Try it:
The copy must match the data word for word and contain no pictures.

Records supplied START

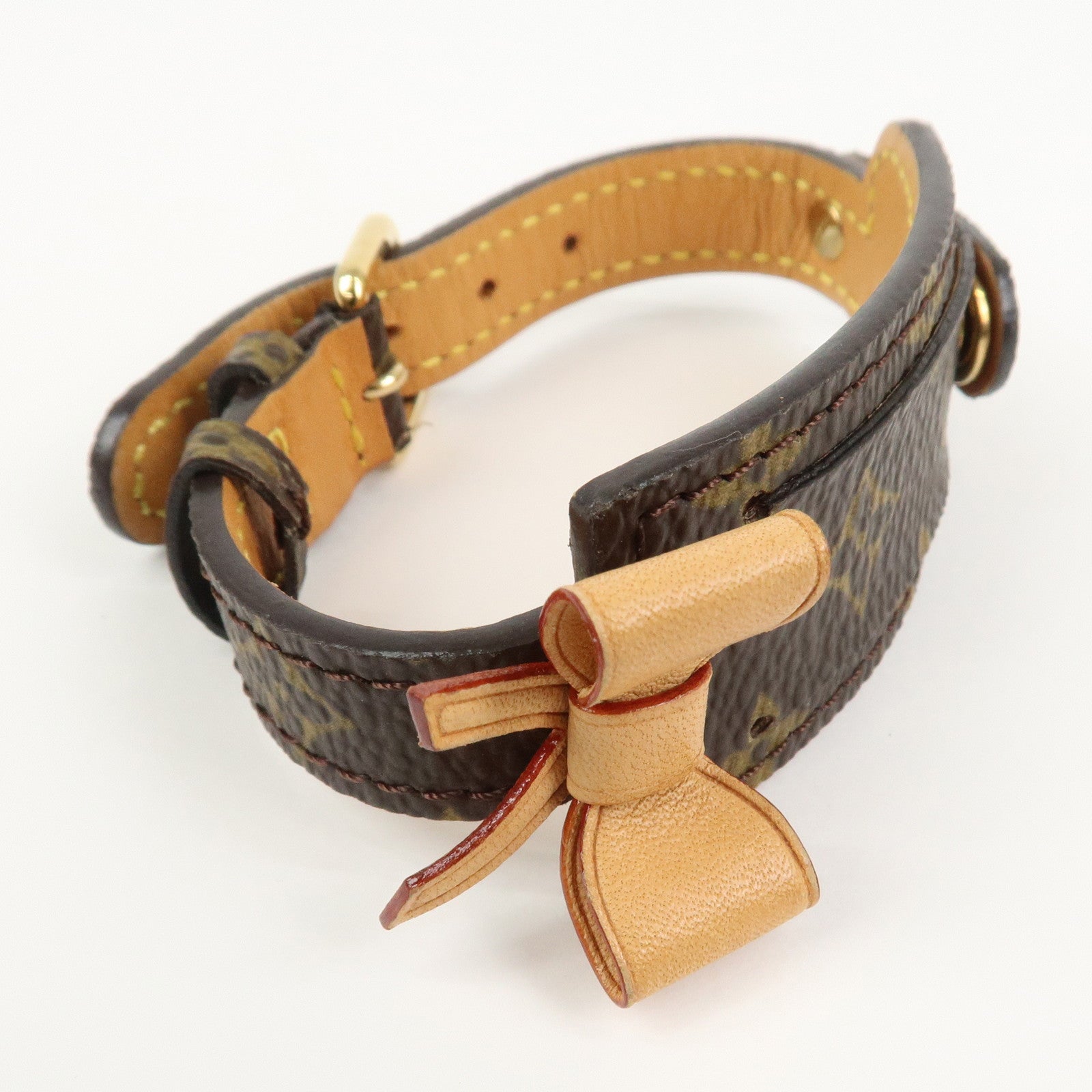 Louis Vuitton Monogram Porte Address Bracelet Brown M92577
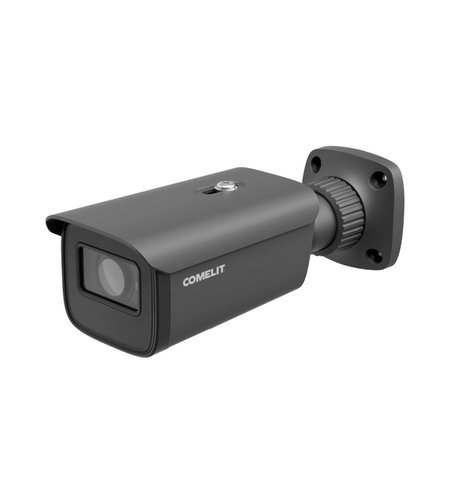 IP булет камера 4 MP, 2.8 mm, фиксиран обектив, сив корпус - Comelit IPBCAMA04FCB
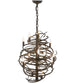 20" Cyclone 13 Light Chandelier detail view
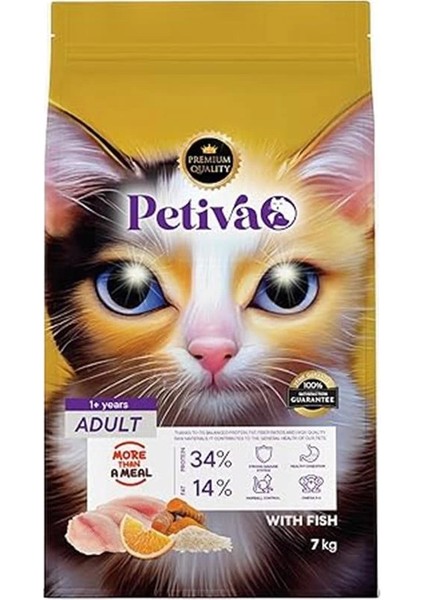 Yetişkin Kediler Için Balık Etli Kuru Kedi Maması (7 Kg, Balık)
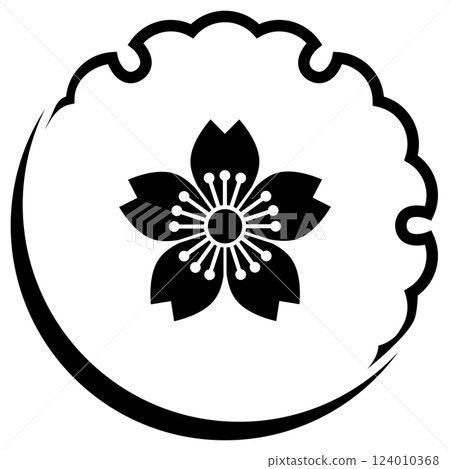 It is a family crest. It is called a snow moon flower. It is a family crest. It is called a snow moon flower. 124010368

Records supplied END

Answer:
 Louis Vuitton Monogram Porte Address Bracelet Brown M92577
 IP булет камера 4 MP, 2.8 mm, фиксиран обектив, сив корпус - Comelit IPBCAMA04FCB
 20" Cyclone 13 Light Chandelier detail view
 Yetişkin Kediler Için Balık Etli Kuru Kedi Maması (7 Kg, Balık)
 It is a family crest. It is called a snow moon flower. It is a family crest. It is called a snow moon flower. 124010368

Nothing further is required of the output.